Wednesday, September 14, 2011

Holy Cross Day

Have you ever had the sort of occasion or moment that needed an extra celebration? The other day, someone told me that she was taking a whole month to celebrate her birthday. I don’t remember whether that was a particularly momentous birthday (i.e., the kind that ends in a “0”), but it seemed to me that she needed some extra time to come to grips with the fact that she is another year older. And I guess that is true in some circumstances—sometimes we need a second or third go-round to figure it out.

Holy Cross Day (HCD) is one of those days—or so it seems. We already have a day commemorating the crucifixion. Good Friday is the day when we remember Jesus’ death on the cross. But we also have today—another celebration, another chance to remember the cross.

I know that HCD has its own separate history. Apparently, as legend has it, Constantine’s mother went to Jerusalem and found a piece of the actual, original cross upon which Jesus died. She brough that piece back to the capital of the Roman Empire, and a cathedral was built around that relic. The translation of that piece of wood became known as HCD. Now, I don’t really know how important it is that we remember the work of good old Constantine’s mother, but I do think it’s important that the church take another opportunity to study the cross.

And perhaps that is the chief way in which HCD is different from Good Friday. Today, HCD, we remember the cross itself. Perhaps it’s silly to think that one can remember or celebrate the instrument of death and not have in mind the person who is almost exclusively associated with that form of death, but I think it’s an important distinction. We aren’t celebrating the fact that Jesus died for our sins. Today, we celebrate the instrument itself. The symbol. The cross.

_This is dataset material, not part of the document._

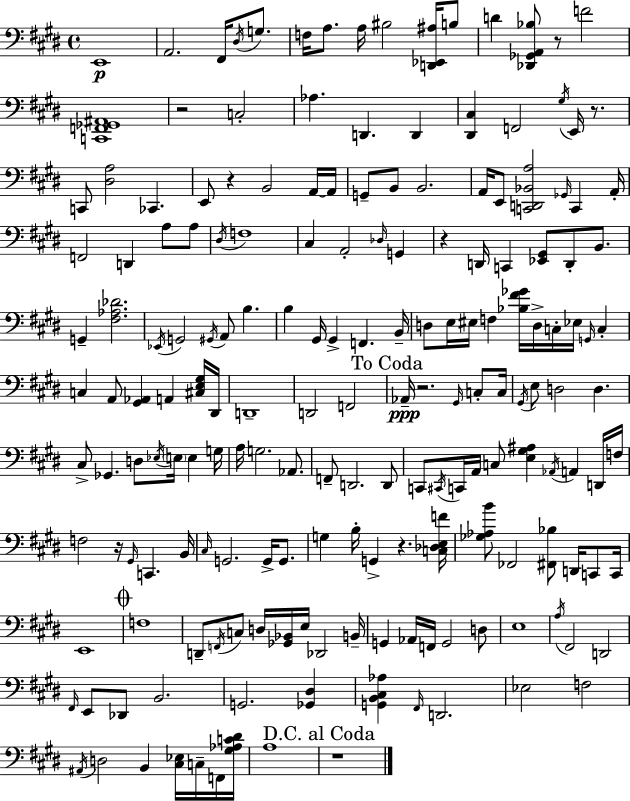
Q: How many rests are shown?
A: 9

In today’s (optional) reading from Galatians, we read that Paul plans to boast only in the cross of Christ. And we read that because of the cross, nothing else matters. Neither circumcision nor uncircumcision. In light of the new creation—that which was wrought through the hard wood of the cross—nothing else matters. And that’s significant. The cross itself is its own part of the story. The cross is what makes the crucifixion a new moment in human history.

Although it’s true that the crucifixion itself is a distinct moment for salvation history, the cross itself has something else to say. Good Friday is always tied to Easter. They are inseparable. But we need to linger longer at Calvary in order to get the full statement that the cross itself represents. The message of the cross is this: God could have chosen any method to deliver his message of universal, limitless love to the world, but he chose the cross. Not a throne—a cross.

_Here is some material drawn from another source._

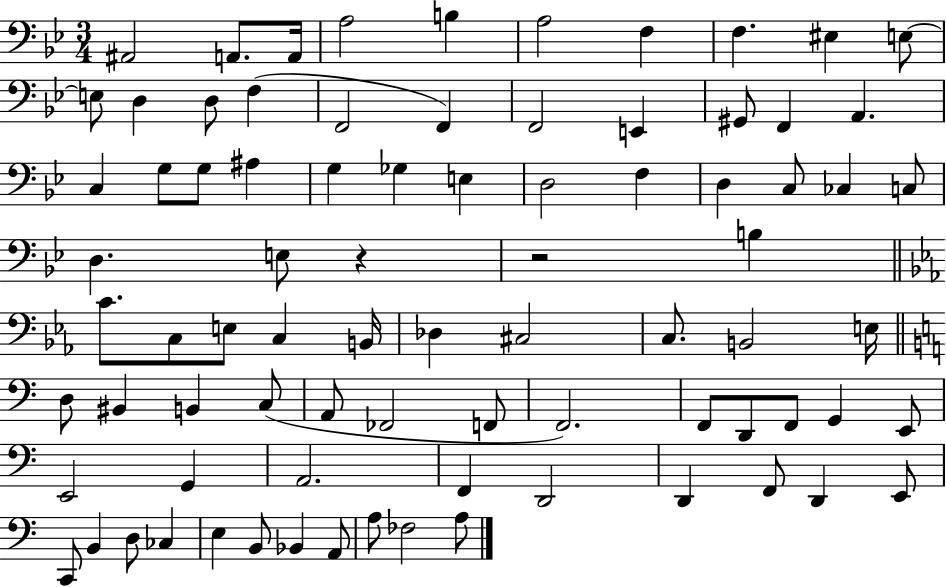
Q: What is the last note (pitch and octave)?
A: A3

God disclosed himself to us in weakness rather than in strength. God chose suffering over success. God chose shame over glory. And that’s no accident. God’s nature is most fully revealed in suffering. (I’m not suggesting that God suffers. Instead, that God is to be found in suffering.)

The heart of God’s self-disclosure is suffering itself. Paradox of paradoxes! The cross is the sign to the world that God isn’t absent in a moment of suffering. God is fully present in that suffering. In fact, it might even be said that the closest we can get to God is in our own moments of anguish and pain. God is near us…not so much when we pray but when we feel pain.

HCD is a reminder to us that suffering isn’t godless. God isn’t absent in our weakest moments. Instead, as Bonhoeffer writes in his Letters and Papers from Prison, God chooses suffering to show himself to us. Suffering is in and of itself holy. That doesn’t mean that we’re supposed to put on a happy face and pretend that everything will be ok one day. And it also doesn’t mean that we’re supposed to give up our eschatological hope that one day all suffering will be removed. We do cling to that hope. Instead, HCD means that our suffering isn’t empty. It does not represent a moment when God is absent. Quite the contrary. God is with us most fully through suffering. What a message of redemption!